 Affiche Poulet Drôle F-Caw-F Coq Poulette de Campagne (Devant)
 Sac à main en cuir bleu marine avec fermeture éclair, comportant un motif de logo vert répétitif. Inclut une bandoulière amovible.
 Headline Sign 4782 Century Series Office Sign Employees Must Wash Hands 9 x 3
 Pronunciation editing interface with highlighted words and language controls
---
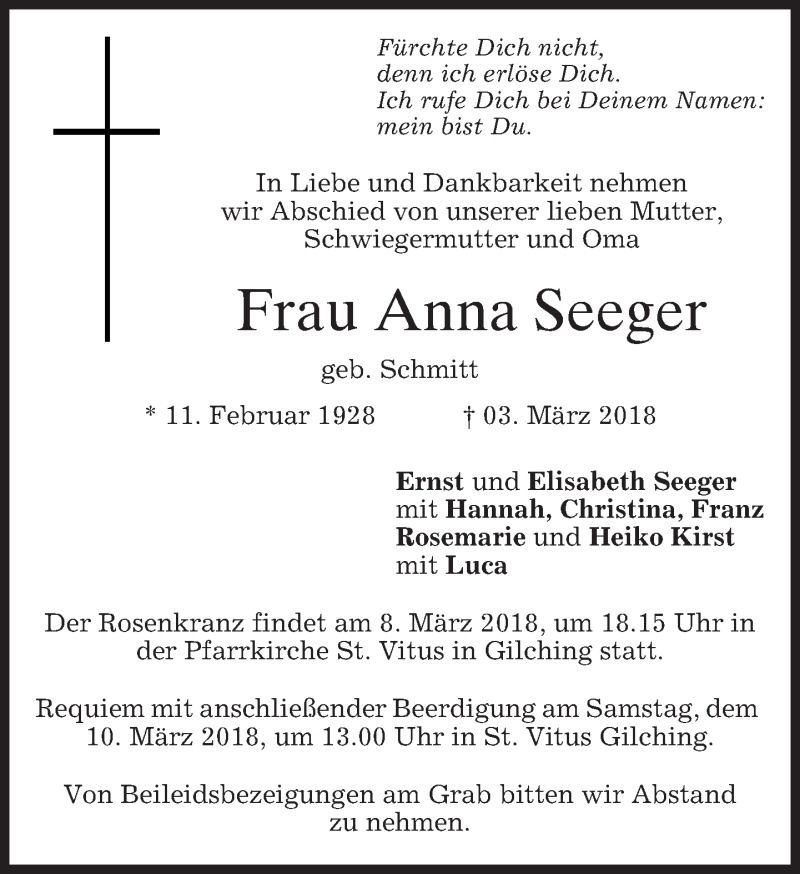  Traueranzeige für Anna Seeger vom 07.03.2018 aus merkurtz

**ASSIGNED TASK**. Retype only this portion of the data above: the line containing "Sac à main en", the line containing "Pronunciation editing interface", and all lines between them, exactly.

**SOLUTION FOR THIS PROBLEM**.
 Sac à main en cuir bleu marine avec fermeture éclair, comportant un motif de logo vert répétitif. Inclut une bandoulière amovible.
 Headline Sign 4782 Century Series Office Sign Employees Must Wash Hands 9 x 3
 Pronunciation editing interface with highlighted words and language controls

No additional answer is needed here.